(INPUT MATERIAL)
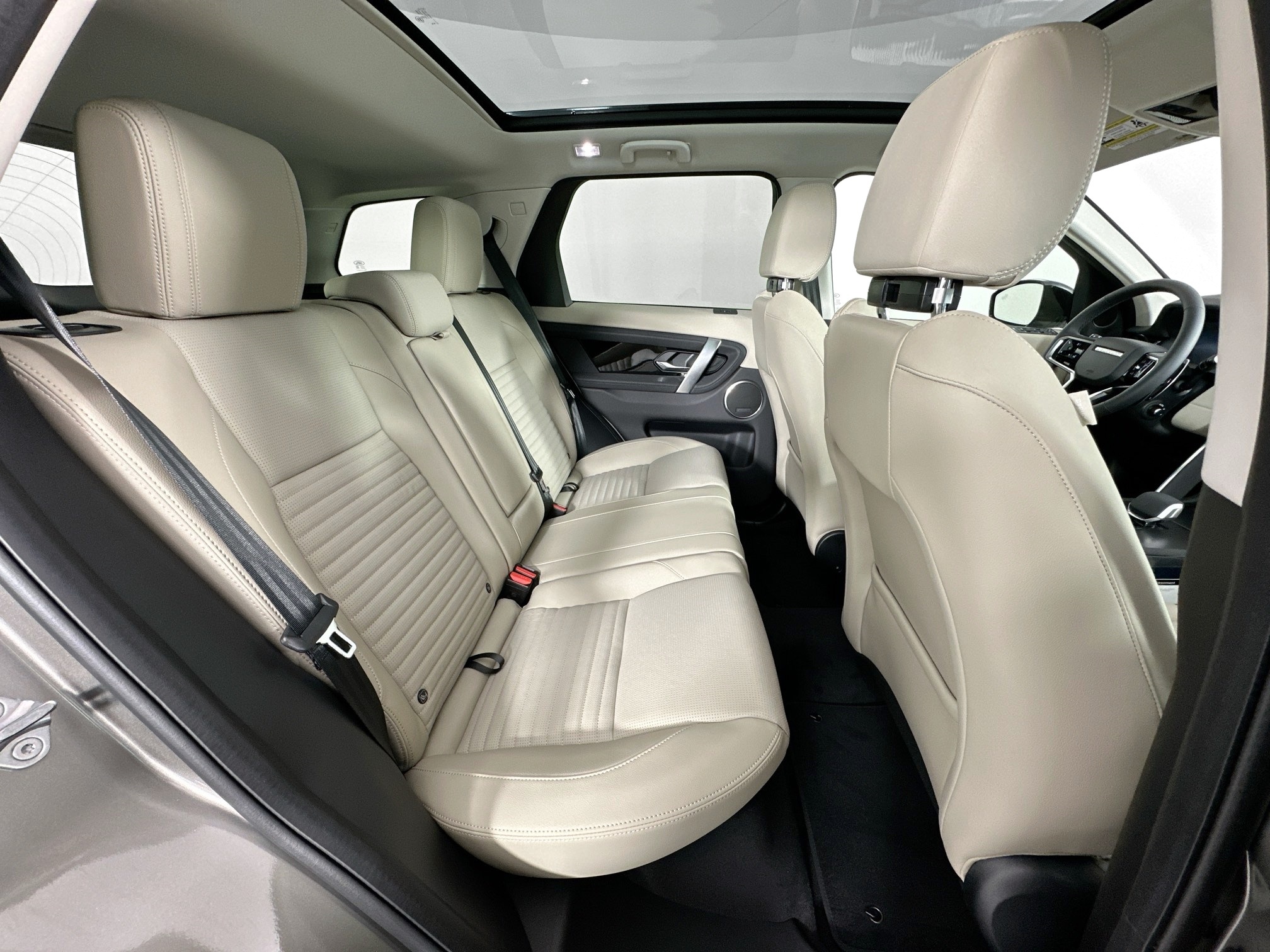 new 2025 Land Rover Discovery Sport car, priced at $39,995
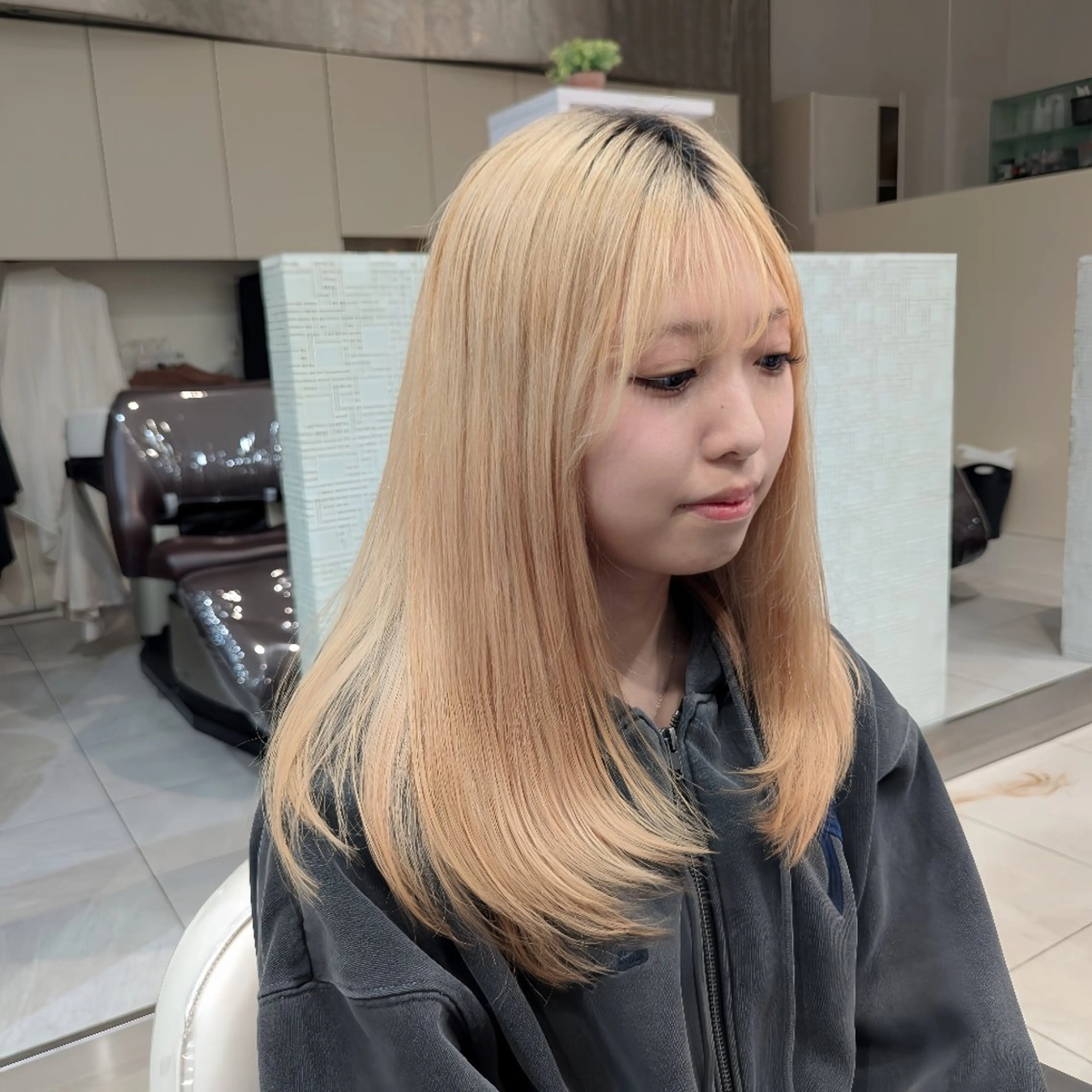 セミロング 髪質改善 カミムラのヘアスタイル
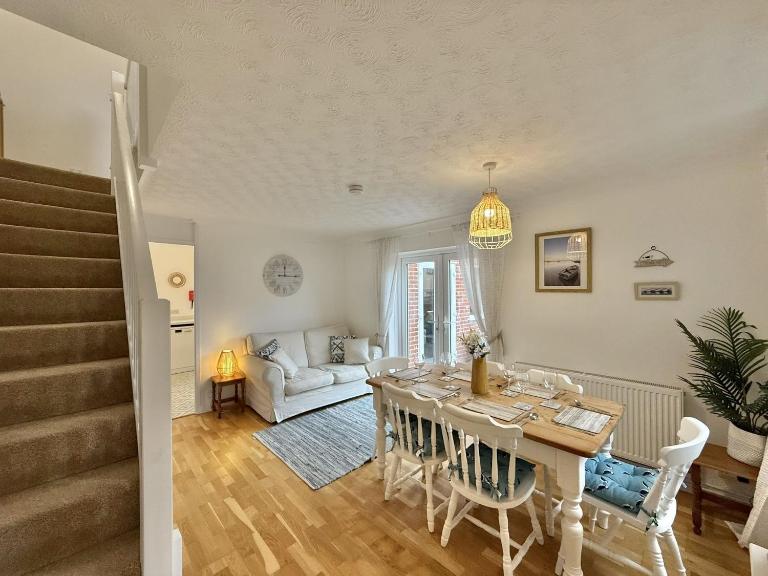 SubLyme - B&B Lyme Regis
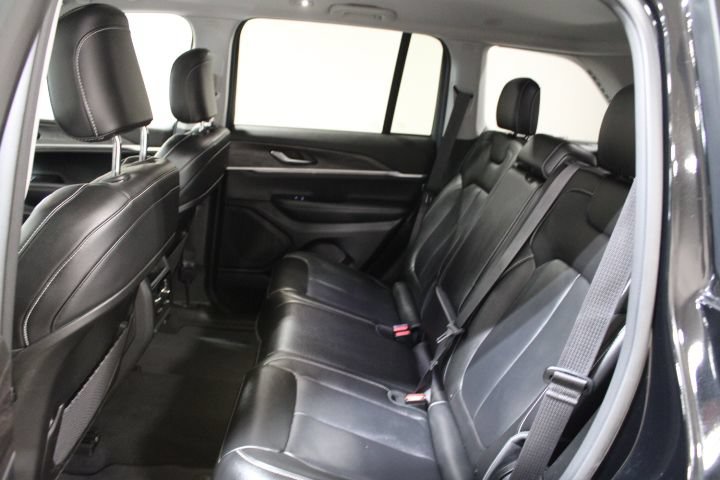 Used 2023 Jeep Grand Cherokee Limited AWD/4WD image 20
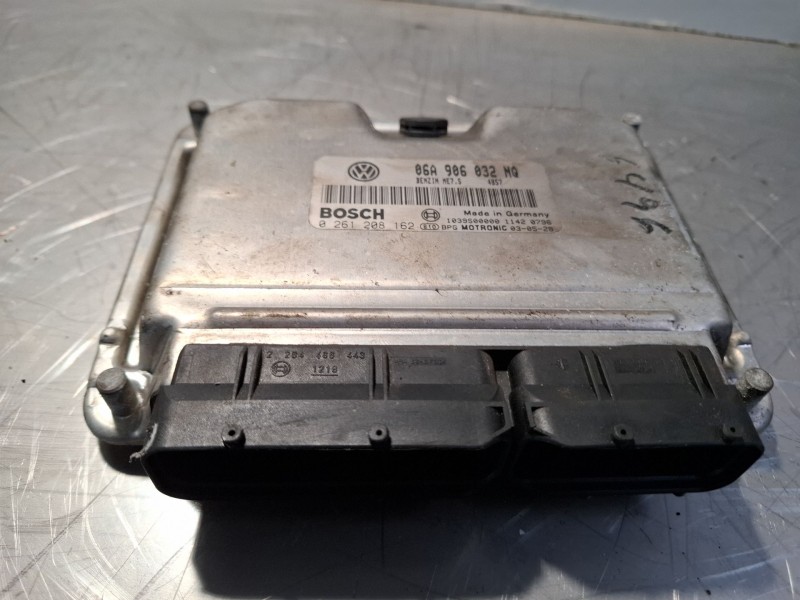 Recambio de centralita motor para seat cordoba referencia OEM IAM 06A906032NQ0261208162  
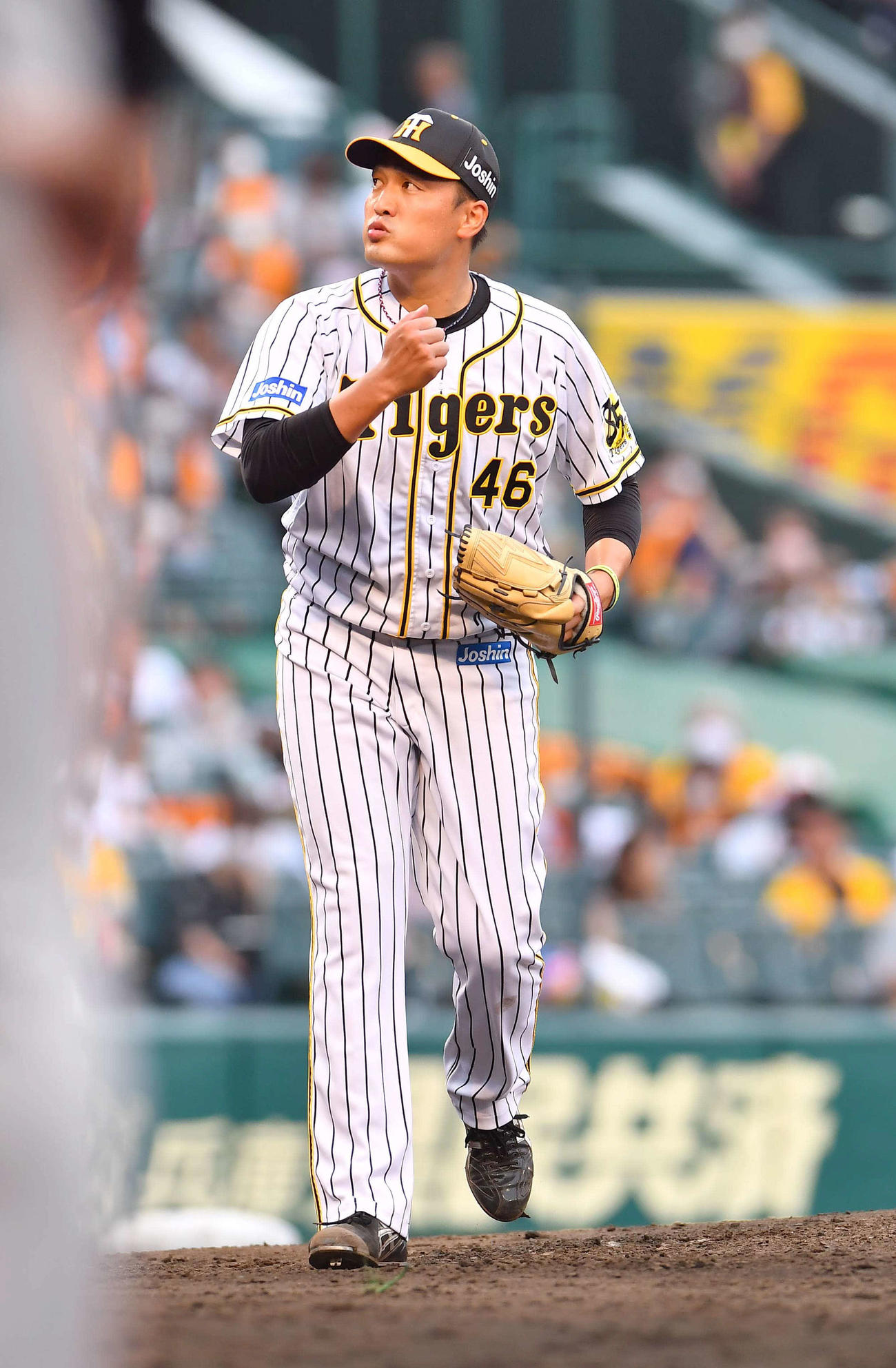 阪神対巨人　5回表巨人2死三塁、吉川尚輝から三振を奪いガッツポーズする秋山拓巳（撮影・上田博志）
(End INPUT MATERIAL)
## THE TASK
The lines from the one containing "SubLyme - B&B Lyme Regis" through the last line above are to be repeated exactly, and only those. Any pictures must be left out.

## TASK RESPONSE
 SubLyme - B&B Lyme Regis
 Used 2023 Jeep Grand Cherokee Limited AWD/4WD image 20
 Recambio de centralita motor para seat cordoba referencia OEM IAM 06A906032NQ0261208162  
 阪神対巨人　5回表巨人2死三塁、吉川尚輝から三振を奪いガッツポーズする秋山拓巳（撮影・上田博志）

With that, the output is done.